**EXERCISE GOAL:**
Take the lines below between the one holding "Christmas Family 3D" and the one holding "Purple Small Narikunj", inclusive, and copy them exactly. Add nothing.

Short descriptive text snippets
□ □ □

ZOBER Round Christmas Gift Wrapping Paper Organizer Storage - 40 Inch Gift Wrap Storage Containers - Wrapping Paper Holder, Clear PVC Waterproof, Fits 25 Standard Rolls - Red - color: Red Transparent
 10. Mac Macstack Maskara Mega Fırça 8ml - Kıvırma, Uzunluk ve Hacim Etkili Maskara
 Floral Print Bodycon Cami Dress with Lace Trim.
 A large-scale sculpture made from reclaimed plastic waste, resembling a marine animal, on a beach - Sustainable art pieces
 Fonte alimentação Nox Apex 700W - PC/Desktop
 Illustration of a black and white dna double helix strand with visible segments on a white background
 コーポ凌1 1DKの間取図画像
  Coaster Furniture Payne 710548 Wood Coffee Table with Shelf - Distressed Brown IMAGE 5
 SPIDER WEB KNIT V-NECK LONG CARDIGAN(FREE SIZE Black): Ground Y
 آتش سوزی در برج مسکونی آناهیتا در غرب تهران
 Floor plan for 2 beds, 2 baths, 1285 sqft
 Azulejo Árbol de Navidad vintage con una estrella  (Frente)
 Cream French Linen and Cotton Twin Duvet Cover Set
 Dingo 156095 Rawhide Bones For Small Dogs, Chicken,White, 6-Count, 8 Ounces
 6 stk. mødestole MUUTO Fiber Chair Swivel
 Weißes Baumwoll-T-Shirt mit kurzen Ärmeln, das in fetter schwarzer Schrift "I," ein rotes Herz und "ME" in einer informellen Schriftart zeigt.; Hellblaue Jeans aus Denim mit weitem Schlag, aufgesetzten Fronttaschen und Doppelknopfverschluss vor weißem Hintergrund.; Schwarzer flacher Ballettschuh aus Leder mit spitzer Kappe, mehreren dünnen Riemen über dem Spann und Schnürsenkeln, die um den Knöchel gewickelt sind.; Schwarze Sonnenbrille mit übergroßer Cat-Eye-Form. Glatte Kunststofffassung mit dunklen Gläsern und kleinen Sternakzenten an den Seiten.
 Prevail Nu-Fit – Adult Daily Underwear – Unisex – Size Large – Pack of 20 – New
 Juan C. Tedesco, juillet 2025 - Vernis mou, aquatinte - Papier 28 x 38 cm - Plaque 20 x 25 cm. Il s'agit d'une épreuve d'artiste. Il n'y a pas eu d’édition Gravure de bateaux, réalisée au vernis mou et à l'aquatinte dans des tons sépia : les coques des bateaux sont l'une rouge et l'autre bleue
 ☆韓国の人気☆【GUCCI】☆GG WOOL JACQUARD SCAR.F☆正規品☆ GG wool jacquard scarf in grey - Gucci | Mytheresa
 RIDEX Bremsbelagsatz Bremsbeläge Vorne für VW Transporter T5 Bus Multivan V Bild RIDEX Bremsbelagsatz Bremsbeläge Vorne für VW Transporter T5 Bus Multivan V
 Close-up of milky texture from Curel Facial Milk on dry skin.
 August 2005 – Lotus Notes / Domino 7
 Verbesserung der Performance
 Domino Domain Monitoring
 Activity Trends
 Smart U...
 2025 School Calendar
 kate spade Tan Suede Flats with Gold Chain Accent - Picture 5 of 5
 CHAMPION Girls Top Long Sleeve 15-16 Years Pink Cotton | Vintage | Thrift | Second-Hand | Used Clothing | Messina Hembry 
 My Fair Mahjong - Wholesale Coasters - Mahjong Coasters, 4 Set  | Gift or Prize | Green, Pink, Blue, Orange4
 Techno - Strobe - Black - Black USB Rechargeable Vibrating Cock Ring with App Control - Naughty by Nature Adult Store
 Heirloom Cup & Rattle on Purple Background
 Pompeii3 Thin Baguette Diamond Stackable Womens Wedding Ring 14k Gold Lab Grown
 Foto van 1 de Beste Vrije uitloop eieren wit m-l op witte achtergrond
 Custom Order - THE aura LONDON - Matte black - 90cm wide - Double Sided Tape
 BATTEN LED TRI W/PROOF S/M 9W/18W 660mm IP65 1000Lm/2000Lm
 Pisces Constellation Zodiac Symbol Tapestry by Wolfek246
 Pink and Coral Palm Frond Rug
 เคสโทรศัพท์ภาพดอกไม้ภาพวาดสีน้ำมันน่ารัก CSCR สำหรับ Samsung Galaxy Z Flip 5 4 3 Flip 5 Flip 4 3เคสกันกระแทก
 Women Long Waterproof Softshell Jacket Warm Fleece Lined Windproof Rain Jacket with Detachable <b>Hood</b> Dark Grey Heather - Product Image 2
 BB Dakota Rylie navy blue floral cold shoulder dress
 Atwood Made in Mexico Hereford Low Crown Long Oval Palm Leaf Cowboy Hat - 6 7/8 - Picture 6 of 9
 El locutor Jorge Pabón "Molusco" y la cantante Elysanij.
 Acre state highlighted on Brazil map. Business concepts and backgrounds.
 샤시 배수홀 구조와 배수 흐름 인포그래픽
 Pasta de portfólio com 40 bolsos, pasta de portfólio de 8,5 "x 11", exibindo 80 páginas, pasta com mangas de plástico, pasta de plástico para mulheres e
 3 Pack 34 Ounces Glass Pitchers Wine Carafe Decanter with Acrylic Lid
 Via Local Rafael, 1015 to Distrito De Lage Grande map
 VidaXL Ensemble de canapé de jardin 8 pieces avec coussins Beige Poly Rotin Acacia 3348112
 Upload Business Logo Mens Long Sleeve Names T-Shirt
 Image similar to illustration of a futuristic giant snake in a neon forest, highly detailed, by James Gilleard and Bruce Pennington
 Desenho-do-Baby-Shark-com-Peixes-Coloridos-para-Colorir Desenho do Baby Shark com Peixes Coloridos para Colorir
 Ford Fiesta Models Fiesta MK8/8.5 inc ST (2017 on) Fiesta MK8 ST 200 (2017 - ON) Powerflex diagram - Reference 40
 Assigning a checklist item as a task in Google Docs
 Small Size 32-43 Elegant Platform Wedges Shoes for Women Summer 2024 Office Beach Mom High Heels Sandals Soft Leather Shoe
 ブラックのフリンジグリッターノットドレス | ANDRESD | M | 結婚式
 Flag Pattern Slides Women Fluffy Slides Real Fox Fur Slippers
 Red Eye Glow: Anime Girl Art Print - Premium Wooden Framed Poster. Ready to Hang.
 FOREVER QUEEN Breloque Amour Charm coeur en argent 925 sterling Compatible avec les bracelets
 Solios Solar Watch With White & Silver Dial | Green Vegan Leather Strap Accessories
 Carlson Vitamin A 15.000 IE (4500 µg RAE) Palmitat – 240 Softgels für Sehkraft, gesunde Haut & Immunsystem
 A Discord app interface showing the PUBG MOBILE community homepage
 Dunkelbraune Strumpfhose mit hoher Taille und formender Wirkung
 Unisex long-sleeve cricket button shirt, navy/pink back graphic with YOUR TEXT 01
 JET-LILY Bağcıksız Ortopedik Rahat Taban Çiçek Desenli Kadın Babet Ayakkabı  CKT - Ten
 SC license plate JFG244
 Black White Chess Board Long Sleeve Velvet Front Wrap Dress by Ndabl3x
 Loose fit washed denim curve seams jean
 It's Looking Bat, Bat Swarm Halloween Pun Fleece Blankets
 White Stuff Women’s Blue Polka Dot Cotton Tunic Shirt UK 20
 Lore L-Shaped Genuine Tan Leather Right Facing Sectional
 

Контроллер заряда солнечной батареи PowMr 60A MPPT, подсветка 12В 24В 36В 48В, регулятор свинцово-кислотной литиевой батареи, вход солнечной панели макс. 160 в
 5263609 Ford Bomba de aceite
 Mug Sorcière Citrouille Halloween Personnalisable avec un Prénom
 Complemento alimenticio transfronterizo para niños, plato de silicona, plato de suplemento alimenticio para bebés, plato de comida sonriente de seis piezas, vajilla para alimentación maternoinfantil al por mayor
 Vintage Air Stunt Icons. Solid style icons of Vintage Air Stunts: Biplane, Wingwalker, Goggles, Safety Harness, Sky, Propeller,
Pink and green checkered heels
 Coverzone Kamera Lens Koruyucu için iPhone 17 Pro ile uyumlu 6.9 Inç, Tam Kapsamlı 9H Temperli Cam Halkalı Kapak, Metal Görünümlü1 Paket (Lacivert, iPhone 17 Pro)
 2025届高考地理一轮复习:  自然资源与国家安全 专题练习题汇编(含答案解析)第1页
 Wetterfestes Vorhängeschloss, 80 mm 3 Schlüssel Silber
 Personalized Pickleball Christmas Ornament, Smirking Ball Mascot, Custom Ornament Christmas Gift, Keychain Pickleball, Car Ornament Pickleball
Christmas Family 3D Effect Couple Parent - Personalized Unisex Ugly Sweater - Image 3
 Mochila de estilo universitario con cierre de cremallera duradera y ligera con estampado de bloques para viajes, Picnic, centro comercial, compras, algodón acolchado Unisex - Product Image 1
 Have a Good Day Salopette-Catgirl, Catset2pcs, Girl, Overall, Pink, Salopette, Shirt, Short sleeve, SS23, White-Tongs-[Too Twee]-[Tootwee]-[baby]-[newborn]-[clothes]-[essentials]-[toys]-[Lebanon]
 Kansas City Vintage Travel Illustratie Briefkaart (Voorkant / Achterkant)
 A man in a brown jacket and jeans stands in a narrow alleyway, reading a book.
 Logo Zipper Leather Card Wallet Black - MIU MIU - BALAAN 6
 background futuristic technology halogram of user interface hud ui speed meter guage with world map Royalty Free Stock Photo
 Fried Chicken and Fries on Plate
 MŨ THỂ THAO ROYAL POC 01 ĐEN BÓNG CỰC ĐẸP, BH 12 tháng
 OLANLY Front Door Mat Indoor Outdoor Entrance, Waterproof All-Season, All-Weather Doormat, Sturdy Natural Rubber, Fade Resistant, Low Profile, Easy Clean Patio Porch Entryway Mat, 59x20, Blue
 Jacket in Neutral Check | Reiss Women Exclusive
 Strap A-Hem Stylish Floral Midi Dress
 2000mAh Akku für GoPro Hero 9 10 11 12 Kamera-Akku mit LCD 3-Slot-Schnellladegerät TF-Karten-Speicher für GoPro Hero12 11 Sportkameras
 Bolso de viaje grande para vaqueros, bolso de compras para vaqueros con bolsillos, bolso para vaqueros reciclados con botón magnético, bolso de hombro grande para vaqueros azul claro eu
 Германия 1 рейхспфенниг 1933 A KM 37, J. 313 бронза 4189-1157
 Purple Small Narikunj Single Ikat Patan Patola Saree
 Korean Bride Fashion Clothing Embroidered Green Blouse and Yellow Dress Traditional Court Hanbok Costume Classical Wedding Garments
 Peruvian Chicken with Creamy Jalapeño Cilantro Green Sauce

□ □ □

**WRITTEN ANSWER:**
Christmas Family 3D Effect Couple Parent - Personalized Unisex Ugly Sweater - Image 3
 Mochila de estilo universitario con cierre de cremallera duradera y ligera con estampado de bloques para viajes, Picnic, centro comercial, compras, algodón acolchado Unisex - Product Image 1
 Have a Good Day Salopette-Catgirl, Catset2pcs, Girl, Overall, Pink, Salopette, Shirt, Short sleeve, SS23, White-Tongs-[Too Twee]-[Tootwee]-[baby]-[newborn]-[clothes]-[essentials]-[toys]-[Lebanon]
 Kansas City Vintage Travel Illustratie Briefkaart (Voorkant / Achterkant)
 A man in a brown jacket and jeans stands in a narrow alleyway, reading a book.
 Logo Zipper Leather Card Wallet Black - MIU MIU - BALAAN 6
 background futuristic technology halogram of user interface hud ui speed meter guage with world map Royalty Free Stock Photo
 Fried Chicken and Fries on Plate
 MŨ THỂ THAO ROYAL POC 01 ĐEN BÓNG CỰC ĐẸP, BH 12 tháng
 OLANLY Front Door Mat Indoor Outdoor Entrance, Waterproof All-Season, All-Weather Doormat, Sturdy Natural Rubber, Fade Resistant, Low Profile, Easy Clean Patio Porch Entryway Mat, 59x20, Blue
 Jacket in Neutral Check | Reiss Women Exclusive
 Strap A-Hem Stylish Floral Midi Dress
 2000mAh Akku für GoPro Hero 9 10 11 12 Kamera-Akku mit LCD 3-Slot-Schnellladegerät TF-Karten-Speicher für GoPro Hero12 11 Sportkameras
 Bolso de viaje grande para vaqueros, bolso de compras para vaqueros con bolsillos, bolso para vaqueros reciclados con botón magnético, bolso de hombro grande para vaqueros azul claro eu
 Германия 1 рейхспфенниг 1933 A KM 37, J. 313 бронза 4189-1157
 Purple Small Narikunj Single Ikat Patan Patola Saree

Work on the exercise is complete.